FLC Group Seeks Investors in Singapore Roadshow

FLC Group Seeks Investors in Singapore Roadshow

Thứ Bảy, 10/06/2017, 14:56

FLC's executives and experts talk to investors at the FLC Singapore Roadshow & Seminar 2017.

BizLIVE - FLC Group, among the leading real estate developers in Vietnam, is hosting a roadshow in Singapore to introduce its hospitality real estate projects as well as investment opportunities in this sector.

As a pioneer in developing a five-star integrated resort real estate chain across the country, FLC Group is not only providing a catalyst for the Vietnamese hospitality property market, but also reaching out to overseas markets.

FLC Group Chairman Trinh Van Quyet and investors at the roadshow.

The “FLC Group Singapore Roadshow & Seminar 2017” aims not only to attract more investors for its projects, but also to promote Vietnam’s tourism brand, thus attracting capital and cooperation into this sector from international investors.

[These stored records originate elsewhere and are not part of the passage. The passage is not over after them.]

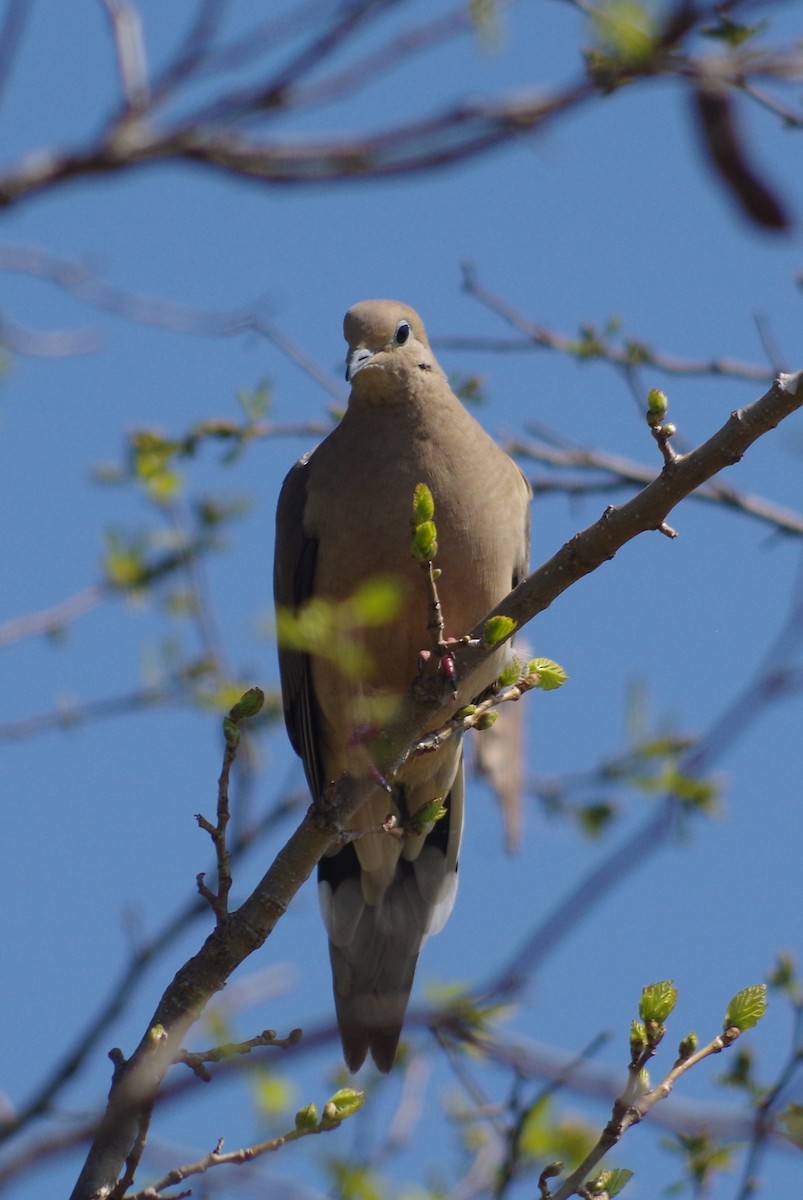 Mourning Dove - ML635104231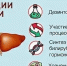 Врачи Хакасии о функциях печени и её роли в организме - Минздрав Республики Хакасия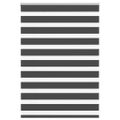 vidaXL Zebra roleta čierna 100x100 cm šírka látky 95,9 cm polyester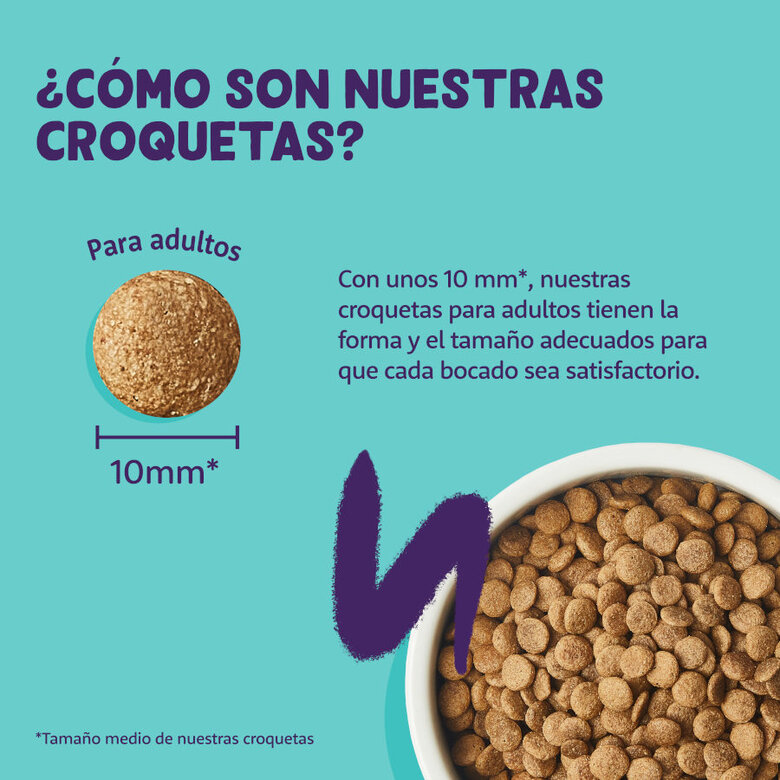 2 kg Edgard & Cooper Adult Ração de peru e frango para gatos ,  Imagem número 4 2 kg Edgard & Cooper Adult Ração de peru e frango para gatos , , large Imagem número 4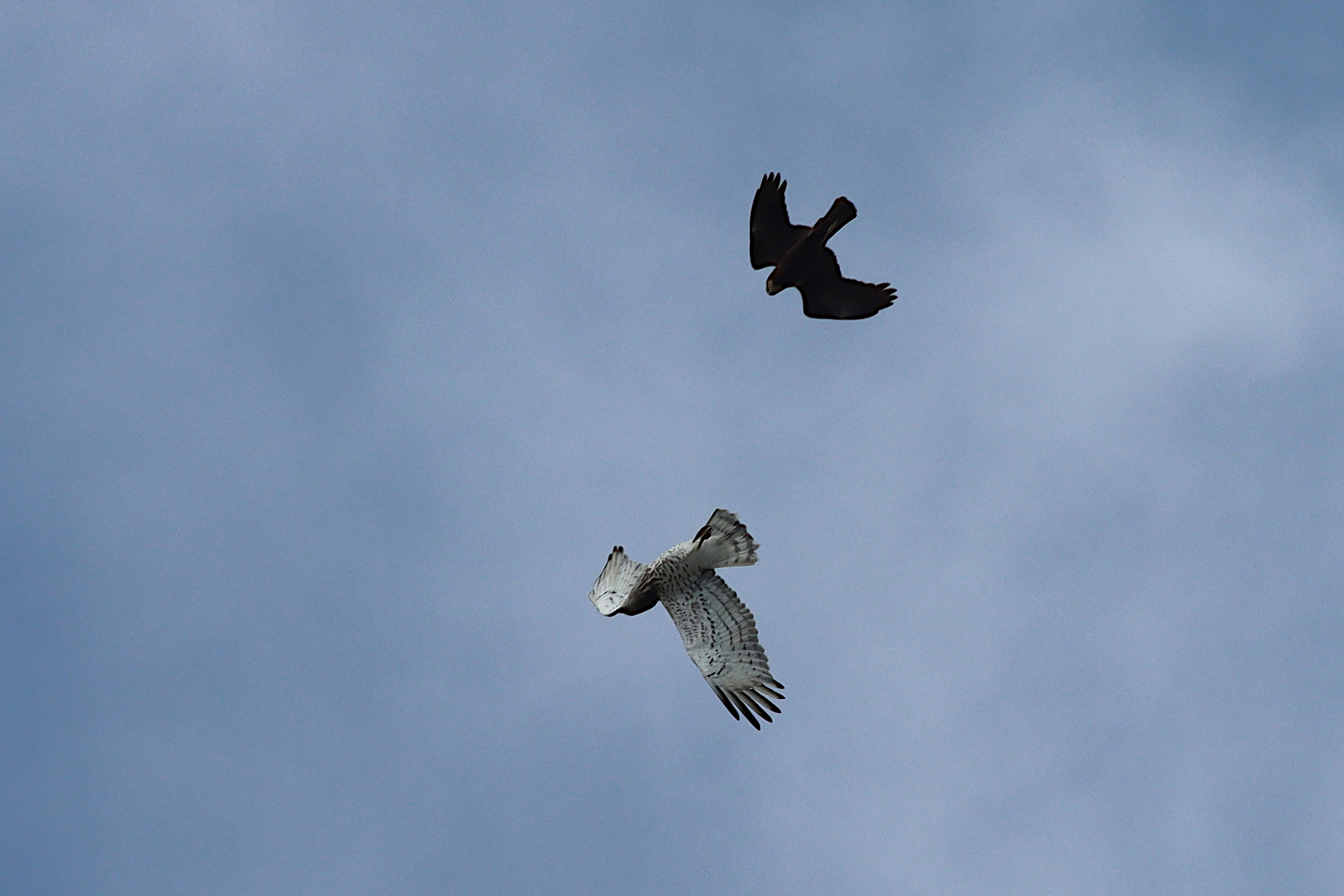 short-toed snake eagle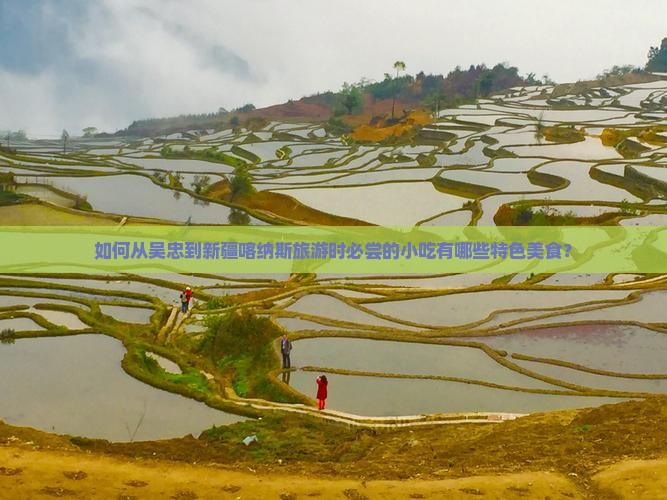 如何从吴忠到新疆喀纳斯旅游时必尝的小吃有哪些特色美食？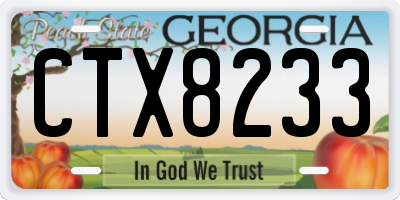 GA license plate CTX8233
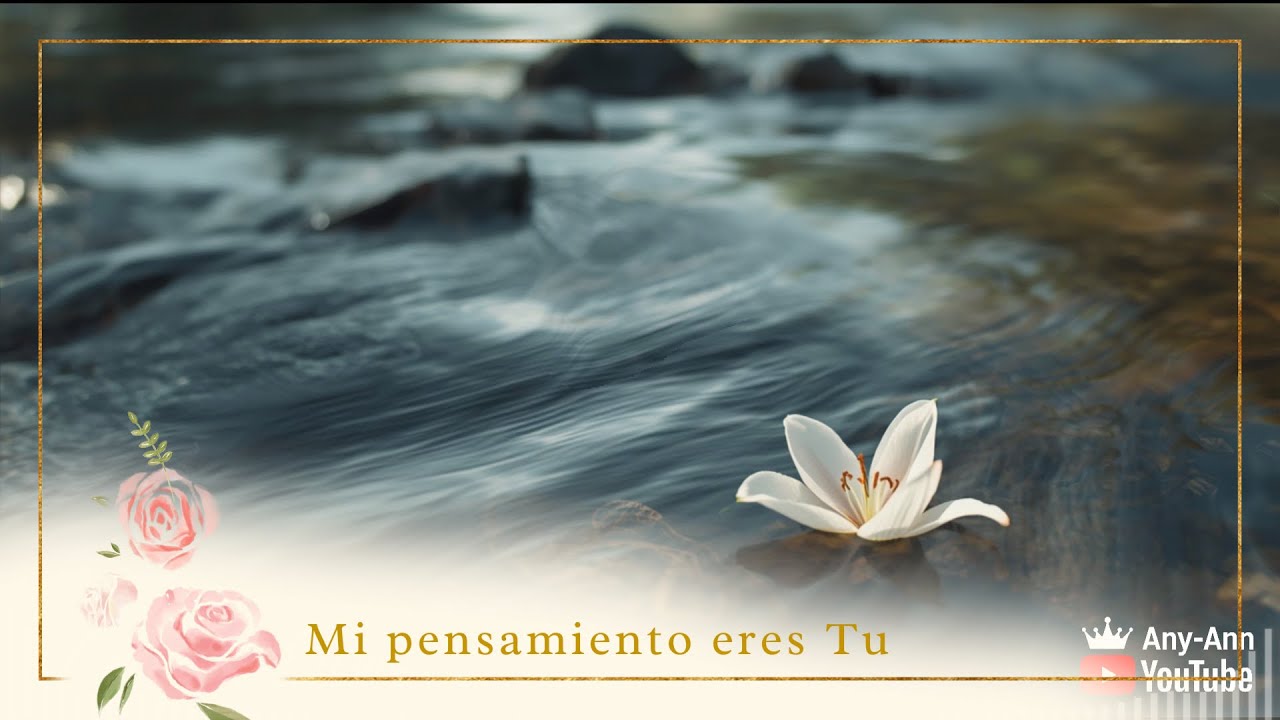 Mi pensamiento eres Tú Señor | Alabanza cristiana de adoración y gratitud
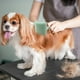 thumbnail image 4 of Cepillo para el aseo de perros y gatos. Herramienta suave para eliminar el pelo muerto con plástico, para uso en interiores y exteriores., 4 of 7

High hopes pinned for Vietnamese resort real estate

Addressing the event, FLC Group General Director Le Thanh Vinh said Vietnam is expected to maintain an average GDP growth rate of 6.5% to 7% during the 2016 - 2020 period. With a population of nearly 100 million people and an increasing income per capita, Vietnam is gradually becoming one of the most dynamic economies in Asia.

With 12 free trade agreements already signed and 4 being negotiated, together with a stable socio-economic environment, Vietnam will offer great opportunities to domestic and international investors, Vinh added.

In the tourism development strategy approved by the Vietnamese government, it has been decided that this industry would become a spearhead sector of the country’s economy by 2020.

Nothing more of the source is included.